Sparito il 14,4% dei negozi: "Ferrara, attività in calo del 3,5% ma il numero di addetti è stabile"

Più innovazione, imprese più strutturate e una capacità di adattamento che ha consentito al commercio di affrontare anni complessi senza perdere il proprio ruolo nell’economia. È questa la fotografia che emerge dal Rapporto 2026 sul commercio dell’Ufficio Studi Confcommercio, che descrive un settore in profonda evoluzione, chiamato a rispondere ai cambiamenti delle abitudini di consumo, della demografia e del contesto economico. Una trasformazione che offre nuove opportunità, ma che richiede anche politiche di sostegno per evitare il progressivo impoverimento del commercio di prossimità.

Negli ultimi sette anni il commercio al dettaglio ha registrato una riduzione del 14,4% dei punti vendita, mentre gli addetti sono diminuiti solo dell’1,8%, segno di imprese mediamente più grandi, efficienti e produttive. Crescono e-commerce, società di capitale e produttività del lavoro, ma continua il ridimensionamento dei negozi di vicinato e del commercio ambulante, con ripercussioni sulla vitalità dei centri storici.

Anche Ferrara segue questa tendenza. Nel 2025 gli esercizi ambulanti attivi in provincia sono scesi a 407, con un calo del 38% rispetto al 2020. Secondo l’Osservatorio dell’Economia della Camera di Commercio Ferrara-Ravenna, al 30 giugno 2026 le localizzazioni attive del commercio sono 7.450 (-3,5%), mentre gli addetti restano sostanzialmente stabili a quota 17.600 (-0,2%). Migliora inoltre il saldo tra iscrizioni e cessazioni d’impresa e le vendite del 2025 chiudono con un lieve incremento (+0,03%), sostenute dalla grande distribuzione e dal comparto alimentare.
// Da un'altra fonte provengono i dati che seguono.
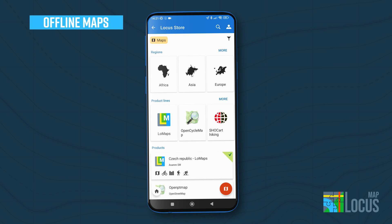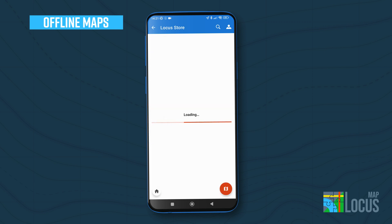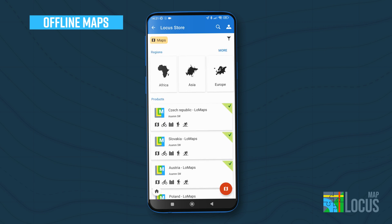To get started, download a LoMap. It's a detailed hiking map containing marked trails and bike paths. Plus, you get three as a free gift.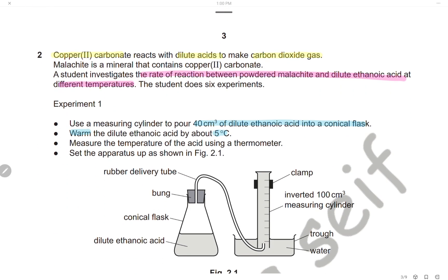Question 2. Copper-2-carbonate reacts with dilute acid to make carbon dioxide. Malachite is a mineral that contains copper-2-carbonate. A student investigates the rate of reaction between powdered malachite and dilute ethanoic acid at different temperatures. The student does six experiments at six different temperatures to study the effect of increasing temperature on the rate of reaction.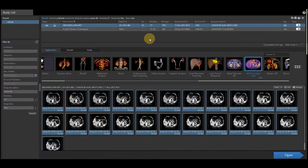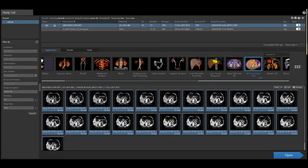This demonstration video is on our 4D dual input liver application. We do have a body perfusion 4D application used for any organ other than the liver or the lung. This video is going to focus on our liver perfusion application.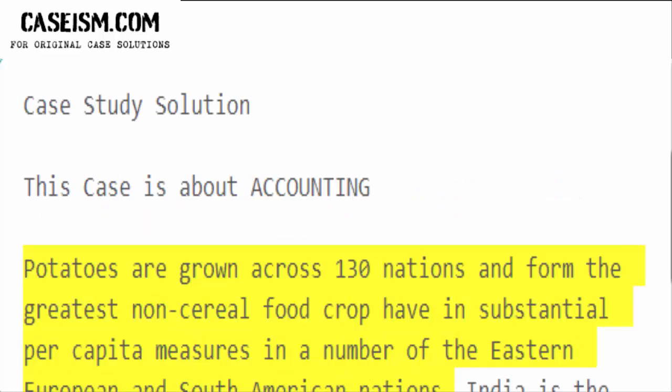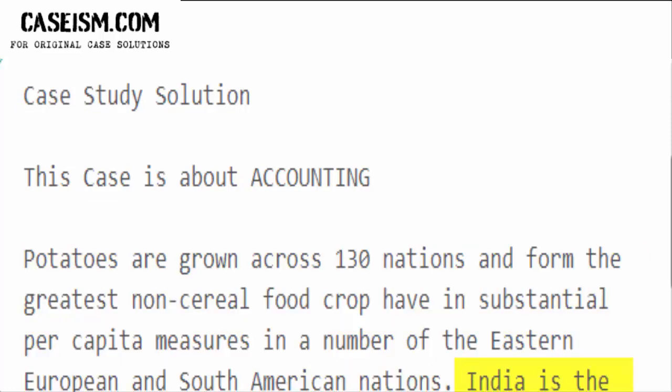Potatoes are grown across 130 nations and form the greatest non-cereal food crop, with substantial per capita measures in a number of Eastern European and South American nations. India is the world's third biggest producer of the crop and is estimated to produce about 25 million tons annually.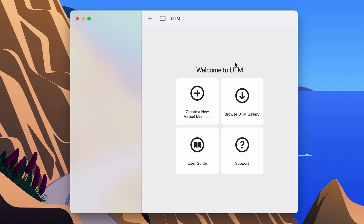Hey guys, welcome back to Tech a Rig. In this video, let us see how to install Metasploitable 2 on UTM the proper way. First things first, you need the UTM app and you need Metasploitable 2, so you can go to the description box below and download both of them.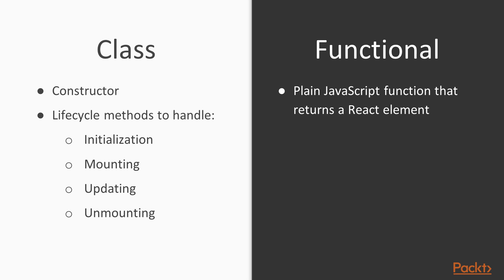Most functional components will not have state when reading through legacy code, because state cannot be utilized in functional components until React 16.8 with the introduction of hooks, which we will discuss later on in this course.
Tra i fattori che possono sostenere lo sviluppo del territorio figura anche il recente via libera alla progettazione dell’ampliamento dell’autostrada A13 nel tratto Bologna-Ferrara. L’investimento da 280 milioni di euro, con la realizzazione della terza corsia tra Bologna e Interporto e di una corsia dinamica fino a Ferrara, è considerato un’opportunità per migliorare i collegamenti, favorire gli scambi commerciali e aumentare l’attrattività della provincia per imprese e consumatori.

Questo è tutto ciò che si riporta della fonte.